ANZ Pacific economist, Dr Kishti Sen, has urged the government to maintain a fiscal policy that favours capital projects. She emphasized the importance of these projects in stimulating economic growth and maintaining investment momentum. This, she says, will ensure the government’s continued role as the main driver of economic growth, as private sector investment and tourism have been sluggish.
Dr Sen advised the strategy amid anticipation of the 2024-2025 National Budget. She also stressed that it was not in Fiji’s best interest to overlook capital projects. Additionally, she suggested that the government could feasibly manage a pro-cyclical fiscal policy, continuing to fund infrastructure developments that spur private sector investment.

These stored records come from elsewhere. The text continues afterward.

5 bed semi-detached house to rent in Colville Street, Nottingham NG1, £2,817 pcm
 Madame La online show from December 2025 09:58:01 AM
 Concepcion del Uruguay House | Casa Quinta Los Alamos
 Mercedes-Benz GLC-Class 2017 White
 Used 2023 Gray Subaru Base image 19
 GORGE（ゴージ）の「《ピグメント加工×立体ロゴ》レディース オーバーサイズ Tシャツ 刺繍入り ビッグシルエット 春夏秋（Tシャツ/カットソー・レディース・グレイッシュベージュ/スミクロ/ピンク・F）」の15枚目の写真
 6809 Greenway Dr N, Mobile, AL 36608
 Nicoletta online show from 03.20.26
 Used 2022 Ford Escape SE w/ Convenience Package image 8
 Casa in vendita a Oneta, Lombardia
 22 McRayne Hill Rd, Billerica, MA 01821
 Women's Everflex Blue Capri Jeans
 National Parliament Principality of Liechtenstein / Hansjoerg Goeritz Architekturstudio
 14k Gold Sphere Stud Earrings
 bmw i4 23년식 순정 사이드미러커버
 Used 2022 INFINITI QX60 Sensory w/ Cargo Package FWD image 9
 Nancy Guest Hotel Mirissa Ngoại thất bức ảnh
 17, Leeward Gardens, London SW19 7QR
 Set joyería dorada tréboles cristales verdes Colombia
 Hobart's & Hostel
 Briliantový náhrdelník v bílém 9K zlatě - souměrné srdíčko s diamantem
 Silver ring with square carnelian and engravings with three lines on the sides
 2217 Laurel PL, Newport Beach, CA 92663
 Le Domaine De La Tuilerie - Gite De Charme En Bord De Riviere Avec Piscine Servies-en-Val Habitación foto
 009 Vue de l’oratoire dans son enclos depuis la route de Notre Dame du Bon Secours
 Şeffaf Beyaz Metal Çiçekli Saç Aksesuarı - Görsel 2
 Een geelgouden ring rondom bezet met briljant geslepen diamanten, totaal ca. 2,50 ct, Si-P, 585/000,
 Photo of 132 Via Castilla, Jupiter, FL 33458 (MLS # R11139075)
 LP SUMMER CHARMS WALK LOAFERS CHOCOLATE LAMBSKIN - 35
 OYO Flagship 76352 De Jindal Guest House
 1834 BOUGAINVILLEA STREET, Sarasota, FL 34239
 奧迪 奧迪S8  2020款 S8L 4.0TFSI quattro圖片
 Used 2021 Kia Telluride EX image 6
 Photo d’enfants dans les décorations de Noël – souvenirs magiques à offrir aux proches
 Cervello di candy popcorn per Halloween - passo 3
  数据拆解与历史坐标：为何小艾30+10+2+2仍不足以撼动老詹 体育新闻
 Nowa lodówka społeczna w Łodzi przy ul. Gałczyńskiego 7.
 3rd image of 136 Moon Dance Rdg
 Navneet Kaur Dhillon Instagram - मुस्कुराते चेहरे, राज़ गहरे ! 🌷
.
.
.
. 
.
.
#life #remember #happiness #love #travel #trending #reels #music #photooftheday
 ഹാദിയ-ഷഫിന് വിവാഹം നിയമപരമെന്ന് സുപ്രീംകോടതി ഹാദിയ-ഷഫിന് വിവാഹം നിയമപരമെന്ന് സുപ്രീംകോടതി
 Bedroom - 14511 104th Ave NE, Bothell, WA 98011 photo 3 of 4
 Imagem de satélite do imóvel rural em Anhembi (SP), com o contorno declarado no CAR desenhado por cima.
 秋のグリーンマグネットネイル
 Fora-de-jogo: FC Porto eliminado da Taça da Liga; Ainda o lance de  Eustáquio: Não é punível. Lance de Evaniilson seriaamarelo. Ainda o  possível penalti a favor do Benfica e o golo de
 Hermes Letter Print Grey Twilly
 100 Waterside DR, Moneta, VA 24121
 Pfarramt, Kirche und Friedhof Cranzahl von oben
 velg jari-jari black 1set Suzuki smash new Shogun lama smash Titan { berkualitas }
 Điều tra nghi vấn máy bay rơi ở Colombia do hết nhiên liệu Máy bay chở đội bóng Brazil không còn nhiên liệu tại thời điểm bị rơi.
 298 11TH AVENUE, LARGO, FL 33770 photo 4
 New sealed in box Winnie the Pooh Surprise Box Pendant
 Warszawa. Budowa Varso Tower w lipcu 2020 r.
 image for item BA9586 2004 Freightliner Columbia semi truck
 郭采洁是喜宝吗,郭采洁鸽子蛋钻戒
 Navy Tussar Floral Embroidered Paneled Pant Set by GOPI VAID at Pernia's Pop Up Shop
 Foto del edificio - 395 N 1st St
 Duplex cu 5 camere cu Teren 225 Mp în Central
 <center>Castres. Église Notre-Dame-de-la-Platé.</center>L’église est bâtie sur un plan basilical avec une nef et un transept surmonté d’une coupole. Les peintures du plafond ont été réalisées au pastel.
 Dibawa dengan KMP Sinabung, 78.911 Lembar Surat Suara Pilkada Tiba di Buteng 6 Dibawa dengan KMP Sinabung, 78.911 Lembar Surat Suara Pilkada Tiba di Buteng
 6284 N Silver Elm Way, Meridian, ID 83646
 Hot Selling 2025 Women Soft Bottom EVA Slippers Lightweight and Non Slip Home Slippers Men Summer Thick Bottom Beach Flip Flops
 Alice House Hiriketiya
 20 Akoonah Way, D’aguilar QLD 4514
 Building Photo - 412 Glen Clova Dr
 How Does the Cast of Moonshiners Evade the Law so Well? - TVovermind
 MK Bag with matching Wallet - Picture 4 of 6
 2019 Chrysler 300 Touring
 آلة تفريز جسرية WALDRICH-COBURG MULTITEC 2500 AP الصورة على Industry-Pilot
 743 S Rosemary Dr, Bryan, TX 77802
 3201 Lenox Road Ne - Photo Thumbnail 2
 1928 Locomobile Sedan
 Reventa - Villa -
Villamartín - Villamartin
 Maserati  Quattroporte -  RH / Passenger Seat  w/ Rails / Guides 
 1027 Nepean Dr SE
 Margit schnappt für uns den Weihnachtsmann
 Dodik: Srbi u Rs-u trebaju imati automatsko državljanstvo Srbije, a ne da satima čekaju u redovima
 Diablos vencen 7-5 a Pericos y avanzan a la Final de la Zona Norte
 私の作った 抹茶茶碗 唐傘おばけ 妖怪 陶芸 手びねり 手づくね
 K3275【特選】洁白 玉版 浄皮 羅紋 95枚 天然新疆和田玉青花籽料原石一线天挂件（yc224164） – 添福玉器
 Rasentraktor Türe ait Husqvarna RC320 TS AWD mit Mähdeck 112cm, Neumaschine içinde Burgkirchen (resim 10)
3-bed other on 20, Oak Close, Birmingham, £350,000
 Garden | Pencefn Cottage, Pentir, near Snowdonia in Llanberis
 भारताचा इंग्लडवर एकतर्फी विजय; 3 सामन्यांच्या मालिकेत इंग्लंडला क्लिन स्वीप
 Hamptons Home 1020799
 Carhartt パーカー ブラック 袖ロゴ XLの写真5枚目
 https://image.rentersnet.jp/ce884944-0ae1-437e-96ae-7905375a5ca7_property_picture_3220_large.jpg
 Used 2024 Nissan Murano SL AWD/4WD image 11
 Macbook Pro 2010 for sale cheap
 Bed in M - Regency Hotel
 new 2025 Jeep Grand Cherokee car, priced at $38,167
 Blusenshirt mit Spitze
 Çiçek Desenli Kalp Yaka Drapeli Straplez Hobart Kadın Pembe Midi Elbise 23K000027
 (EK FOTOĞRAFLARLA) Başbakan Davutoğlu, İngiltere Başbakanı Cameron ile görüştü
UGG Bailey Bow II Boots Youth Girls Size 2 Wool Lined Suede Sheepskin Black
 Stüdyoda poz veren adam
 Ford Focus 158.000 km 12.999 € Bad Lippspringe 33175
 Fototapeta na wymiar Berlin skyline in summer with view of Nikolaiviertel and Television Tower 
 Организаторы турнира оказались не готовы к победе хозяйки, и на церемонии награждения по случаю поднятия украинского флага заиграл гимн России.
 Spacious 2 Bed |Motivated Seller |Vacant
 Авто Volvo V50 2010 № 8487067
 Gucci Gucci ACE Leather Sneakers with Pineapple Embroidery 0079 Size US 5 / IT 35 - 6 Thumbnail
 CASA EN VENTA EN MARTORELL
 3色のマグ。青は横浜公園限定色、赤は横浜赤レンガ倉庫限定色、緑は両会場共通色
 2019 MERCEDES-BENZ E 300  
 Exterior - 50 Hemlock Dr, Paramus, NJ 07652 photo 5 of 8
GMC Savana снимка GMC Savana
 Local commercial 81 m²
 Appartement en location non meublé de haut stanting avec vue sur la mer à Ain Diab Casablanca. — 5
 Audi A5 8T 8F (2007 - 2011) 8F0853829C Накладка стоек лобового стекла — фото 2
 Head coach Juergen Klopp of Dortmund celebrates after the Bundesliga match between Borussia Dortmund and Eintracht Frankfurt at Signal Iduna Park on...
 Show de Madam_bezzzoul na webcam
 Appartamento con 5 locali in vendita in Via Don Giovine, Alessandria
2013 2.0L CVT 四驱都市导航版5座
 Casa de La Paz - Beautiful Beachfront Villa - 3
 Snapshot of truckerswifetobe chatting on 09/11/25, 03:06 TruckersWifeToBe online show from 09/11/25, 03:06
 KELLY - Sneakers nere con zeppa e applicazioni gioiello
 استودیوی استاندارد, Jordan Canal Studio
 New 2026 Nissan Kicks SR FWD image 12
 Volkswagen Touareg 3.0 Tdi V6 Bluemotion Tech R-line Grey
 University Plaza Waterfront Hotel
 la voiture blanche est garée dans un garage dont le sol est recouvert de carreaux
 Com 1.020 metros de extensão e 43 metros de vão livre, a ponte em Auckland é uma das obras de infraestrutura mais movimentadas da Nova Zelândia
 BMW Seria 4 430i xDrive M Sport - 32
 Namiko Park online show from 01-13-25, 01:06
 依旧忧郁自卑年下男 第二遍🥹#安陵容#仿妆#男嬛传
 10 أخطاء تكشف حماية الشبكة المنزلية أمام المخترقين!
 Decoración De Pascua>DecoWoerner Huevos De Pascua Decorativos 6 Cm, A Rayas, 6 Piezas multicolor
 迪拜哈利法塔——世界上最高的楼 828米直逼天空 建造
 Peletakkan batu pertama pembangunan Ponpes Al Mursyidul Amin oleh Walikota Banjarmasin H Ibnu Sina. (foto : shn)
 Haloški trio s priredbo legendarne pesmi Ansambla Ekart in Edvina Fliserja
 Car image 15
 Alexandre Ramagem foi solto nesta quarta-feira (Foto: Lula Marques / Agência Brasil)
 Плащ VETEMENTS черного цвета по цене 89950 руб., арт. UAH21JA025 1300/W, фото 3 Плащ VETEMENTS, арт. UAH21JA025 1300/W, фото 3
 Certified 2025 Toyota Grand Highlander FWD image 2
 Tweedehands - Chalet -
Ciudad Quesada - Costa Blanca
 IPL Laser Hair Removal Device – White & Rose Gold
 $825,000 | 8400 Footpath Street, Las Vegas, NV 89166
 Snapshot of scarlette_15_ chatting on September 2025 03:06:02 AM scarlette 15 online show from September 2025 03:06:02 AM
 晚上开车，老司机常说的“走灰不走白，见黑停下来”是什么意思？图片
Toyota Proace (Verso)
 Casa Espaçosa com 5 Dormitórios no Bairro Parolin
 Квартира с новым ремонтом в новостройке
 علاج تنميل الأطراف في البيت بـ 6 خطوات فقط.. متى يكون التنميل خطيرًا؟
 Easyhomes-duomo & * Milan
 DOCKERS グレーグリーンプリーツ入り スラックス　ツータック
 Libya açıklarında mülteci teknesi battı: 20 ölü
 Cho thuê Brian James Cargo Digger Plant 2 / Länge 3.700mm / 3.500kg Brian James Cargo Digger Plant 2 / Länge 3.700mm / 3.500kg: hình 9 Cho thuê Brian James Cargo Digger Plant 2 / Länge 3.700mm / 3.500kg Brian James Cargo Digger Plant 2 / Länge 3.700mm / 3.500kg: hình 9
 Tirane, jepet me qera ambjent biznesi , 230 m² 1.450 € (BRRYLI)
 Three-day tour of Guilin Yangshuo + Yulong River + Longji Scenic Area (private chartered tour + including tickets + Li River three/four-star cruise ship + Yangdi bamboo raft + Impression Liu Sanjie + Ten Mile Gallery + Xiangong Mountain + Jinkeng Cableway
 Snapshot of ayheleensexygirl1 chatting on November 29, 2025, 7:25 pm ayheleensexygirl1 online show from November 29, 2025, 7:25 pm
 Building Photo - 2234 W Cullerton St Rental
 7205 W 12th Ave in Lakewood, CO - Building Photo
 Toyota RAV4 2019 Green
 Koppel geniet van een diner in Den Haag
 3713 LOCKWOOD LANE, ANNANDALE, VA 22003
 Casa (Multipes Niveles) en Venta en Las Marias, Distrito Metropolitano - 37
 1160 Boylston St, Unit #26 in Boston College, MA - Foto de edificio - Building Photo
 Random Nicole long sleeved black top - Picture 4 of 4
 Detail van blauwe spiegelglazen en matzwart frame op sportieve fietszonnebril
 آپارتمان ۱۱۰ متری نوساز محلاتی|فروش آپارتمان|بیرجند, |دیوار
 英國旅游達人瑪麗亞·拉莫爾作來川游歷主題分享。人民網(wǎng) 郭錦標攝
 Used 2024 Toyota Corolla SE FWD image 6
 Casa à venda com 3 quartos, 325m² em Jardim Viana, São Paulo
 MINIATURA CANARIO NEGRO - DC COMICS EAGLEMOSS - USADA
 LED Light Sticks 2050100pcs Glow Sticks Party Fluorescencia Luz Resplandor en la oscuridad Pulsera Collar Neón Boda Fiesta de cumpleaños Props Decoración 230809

She advised the government to evaluate its consumption expenditure to ensure that it is running as efficiently as possible. According to Sen, the government can potentially decrease its dependence on loans by delivering smaller deficits. This could be achieved through reduced spending in consumption expenditure and focusing on achieving a 4-5% real-term economic growth.
As the economy grows, so does the revenue. This, in combination with cuts in consumption expenditure, could lead to deficits around 2-3% of GDP, which would rapidly decrease the debt-to-GDP ratio. As a result, the government would have more flexibility to invest into the economy during downturns.
She also stressed the need for approved projects to start immediately. If delay issues like staffing shortages arise, she suggested they be handled with urgency to avoid blown-out project costs and further investment delays.